- **PROBLEM STATEMENT**
Please quote only the lines that start at the one with "NEW SEW EURODRIVE" and go on to the last line of the data, both ends kept.

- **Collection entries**
______

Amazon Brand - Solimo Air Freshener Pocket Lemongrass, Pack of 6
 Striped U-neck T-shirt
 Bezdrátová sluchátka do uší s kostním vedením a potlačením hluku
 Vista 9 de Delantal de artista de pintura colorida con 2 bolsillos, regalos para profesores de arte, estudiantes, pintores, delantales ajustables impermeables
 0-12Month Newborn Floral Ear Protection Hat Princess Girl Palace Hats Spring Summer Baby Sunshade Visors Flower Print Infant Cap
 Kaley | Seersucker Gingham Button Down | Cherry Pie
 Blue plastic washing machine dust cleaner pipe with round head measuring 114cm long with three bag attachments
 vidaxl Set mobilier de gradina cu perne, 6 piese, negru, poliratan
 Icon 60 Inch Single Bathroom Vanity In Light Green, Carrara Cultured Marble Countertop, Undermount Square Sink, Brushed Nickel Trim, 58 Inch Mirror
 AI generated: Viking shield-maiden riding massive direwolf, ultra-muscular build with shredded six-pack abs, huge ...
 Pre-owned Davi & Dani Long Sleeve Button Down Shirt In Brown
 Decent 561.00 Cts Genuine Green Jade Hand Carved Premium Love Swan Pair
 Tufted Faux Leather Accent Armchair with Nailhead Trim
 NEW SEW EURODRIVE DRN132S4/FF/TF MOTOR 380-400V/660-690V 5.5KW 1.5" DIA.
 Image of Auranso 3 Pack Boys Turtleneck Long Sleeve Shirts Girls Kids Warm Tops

______

- **WORKED SOLUTION**
 NEW SEW EURODRIVE DRN132S4/FF/TF MOTOR 380-400V/660-690V 5.5KW 1.5" DIA.
 Image of Auranso 3 Pack Boys Turtleneck Long Sleeve Shirts Girls Kids Warm Tops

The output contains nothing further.